My 17-year-old son was standing on a grass verge about five miles outside Killybegs recently, wondering if he had missed the bus into Donegal town. The weather was kind and he was accompanied on the grassy hillock that sunny morning by a grubby sleeping bag and a mate of his.
The two of them had spent a brief vacation with friends in a borrowed house nearby. My son had left Dublin a couple of days earlier with pasta and toothpaste (you should try it some time), various cans, some of which were soup, and every intention of having a good time. He also carried €150 in his wallet, the last of the money he had earned from a couple of weeks of summer labouring.
My son and his friend were a little knackered from their 48 hours of socialising and were possibly not in the best state for a last-minute chase for the bus. So they were suitably grateful when a grey Mercedes pulled up and offered them a lift.
The couple in the car were from the area and the talk was about football and local sporting heroes. Thanks to their kindly intervention, the boys made it on to the Dublin bus.
However, as they were boarding, my son phoned me. He sounded low.“I’ve lost my wallet,” he said. “Everything.”
“Where?” I asked, and he told me about the lift in the grey Merc and how he’d had his wallet in his hand and how he must have left it on the back seat.
“I worked for that money,” he said mournfully.
I rang the postmistress in Killybegs, who couldn’t have been more helpful. “Just in case someone hands it in,” I asked, “could you take my phone number?”
I rang the Garda station at Ballyshannon. (“You did what?” asked my mortified son later.) The policeman was kind. I apologised for wasting his time. He took my number too.
It had been a funny old week: bits of bad news had been stalking us, illness was in the air, plans were being remade. Even the white goods were revolting – and it wasn’t just the dried-in ketchup stains.
“Damn wallet,” I thought, staring at the malfunctioning washing machine, which was predictably out of guarantee. Why, I wondered, do the inconsequential things always start delivering their nicks and jabs when deeper wounds are threatening?
I don’t know if you’ve heard about “random acts of kindness”. Raks (yes, they have an acronym) are being reported, particularly from the US, as a cohort of smiley people attempts to spread bonhomie by such acts as taping dollar bills to vending machines, some with Post-It notes attached. (“Have a Coke on me,” the mystery benefactors implore.)
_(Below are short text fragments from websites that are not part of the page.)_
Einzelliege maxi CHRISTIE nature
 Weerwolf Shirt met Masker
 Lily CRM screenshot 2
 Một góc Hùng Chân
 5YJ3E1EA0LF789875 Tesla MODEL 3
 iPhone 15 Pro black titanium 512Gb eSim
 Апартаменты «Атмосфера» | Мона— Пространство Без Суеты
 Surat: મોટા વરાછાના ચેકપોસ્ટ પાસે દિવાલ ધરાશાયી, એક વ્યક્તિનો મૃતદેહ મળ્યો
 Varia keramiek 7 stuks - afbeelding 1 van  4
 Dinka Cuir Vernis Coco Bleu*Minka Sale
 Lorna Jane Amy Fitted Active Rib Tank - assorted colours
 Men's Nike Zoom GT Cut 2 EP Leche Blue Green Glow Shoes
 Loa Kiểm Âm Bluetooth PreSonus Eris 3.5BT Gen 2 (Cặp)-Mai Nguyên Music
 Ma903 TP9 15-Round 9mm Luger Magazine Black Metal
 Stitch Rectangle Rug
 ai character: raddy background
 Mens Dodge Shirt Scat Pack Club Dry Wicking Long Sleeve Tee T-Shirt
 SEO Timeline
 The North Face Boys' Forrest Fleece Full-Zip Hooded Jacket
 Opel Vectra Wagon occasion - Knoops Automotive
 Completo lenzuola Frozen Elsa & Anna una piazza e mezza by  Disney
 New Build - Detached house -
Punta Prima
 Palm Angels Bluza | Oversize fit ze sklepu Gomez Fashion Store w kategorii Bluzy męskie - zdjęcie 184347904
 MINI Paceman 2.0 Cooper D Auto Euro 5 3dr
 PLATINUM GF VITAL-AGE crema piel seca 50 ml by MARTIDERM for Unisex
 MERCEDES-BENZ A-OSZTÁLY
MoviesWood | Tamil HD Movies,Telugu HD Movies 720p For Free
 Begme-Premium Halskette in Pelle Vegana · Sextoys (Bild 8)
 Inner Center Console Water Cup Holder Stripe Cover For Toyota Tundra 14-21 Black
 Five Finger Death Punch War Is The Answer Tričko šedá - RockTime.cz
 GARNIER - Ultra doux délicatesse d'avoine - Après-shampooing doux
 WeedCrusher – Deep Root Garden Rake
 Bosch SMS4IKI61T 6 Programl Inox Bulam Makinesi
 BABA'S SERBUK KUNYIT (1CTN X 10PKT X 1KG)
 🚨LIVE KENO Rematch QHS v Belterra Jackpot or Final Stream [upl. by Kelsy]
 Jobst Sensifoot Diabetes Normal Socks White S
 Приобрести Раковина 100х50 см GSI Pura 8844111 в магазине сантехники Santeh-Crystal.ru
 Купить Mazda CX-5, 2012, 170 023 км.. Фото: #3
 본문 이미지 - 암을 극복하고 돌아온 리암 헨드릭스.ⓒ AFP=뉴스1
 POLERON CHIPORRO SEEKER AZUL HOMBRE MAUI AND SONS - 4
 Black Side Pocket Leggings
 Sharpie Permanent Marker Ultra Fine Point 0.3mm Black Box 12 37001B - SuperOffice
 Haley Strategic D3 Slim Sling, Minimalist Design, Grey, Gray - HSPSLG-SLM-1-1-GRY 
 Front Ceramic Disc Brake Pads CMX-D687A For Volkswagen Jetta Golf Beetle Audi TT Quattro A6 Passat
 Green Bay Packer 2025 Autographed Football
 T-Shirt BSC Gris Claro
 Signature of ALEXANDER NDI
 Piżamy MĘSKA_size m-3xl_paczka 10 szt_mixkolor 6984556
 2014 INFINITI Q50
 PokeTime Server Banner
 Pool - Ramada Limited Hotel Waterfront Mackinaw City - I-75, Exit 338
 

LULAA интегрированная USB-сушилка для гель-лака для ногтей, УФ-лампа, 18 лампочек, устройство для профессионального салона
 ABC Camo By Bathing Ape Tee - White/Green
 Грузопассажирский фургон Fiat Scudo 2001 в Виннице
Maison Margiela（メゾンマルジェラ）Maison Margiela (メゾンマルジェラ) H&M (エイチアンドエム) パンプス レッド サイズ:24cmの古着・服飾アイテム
Other Rakophiles display their magnanimity by paying the toll for the next car in line or by targeting lonely-looking strangers in restaurants or diners and quietly settling their bills while the unsuspecting recipients stare into the middle distance, pondering their leaking freezers or their perennially chilly mothers, with their cheesy blimps suspended in front of their quivering lips (Christ, you’d kick yourself for not ordering the lobster frittata).
Recently the actor Amy Adams upped the Rak ante by forfeiting her first-class airline seat to a young soldier queuing for the same flight. Other Rak enthusiasts have begun mailing asinine letters to complete strangers, exhorting them to “be the person you know you can be”. (Personally, I’d be the me who tracks down the sender and inserts their missive where the sun don’t shine.)
There are websites designed to help you stock your largesse larder. Suggestions include leaving your “sweet spot” (I think this translates as “handy parking space”) for “a pregnant lady”. Holy cow, what a nightmare. What if the “lady” in question isn’t actually pregnant? What if she’s just got a lot of twinkies inside her? She’s not going to thank you for that, mate.
Anyway, Raks aren’t a patch on the old-fashioned act of kindness and decency that benefited my son last week. While he was on the Donegal-Dublin bus, the couple in the Mercedes, having found his wallet, returned to the spot where they had picked him up and asked around until they found the house the kids were staying in. They then gave the wallet and its contents to another young friend who hadn’t yet left.
My son couldn’t believe his luck, and I was uplifted by a generosity of spirit that doesn’t need a website to ignite it. Whoever you are, Mr and Mrs Grey Car, thank you. Sincerely. Your kindness is inspiring.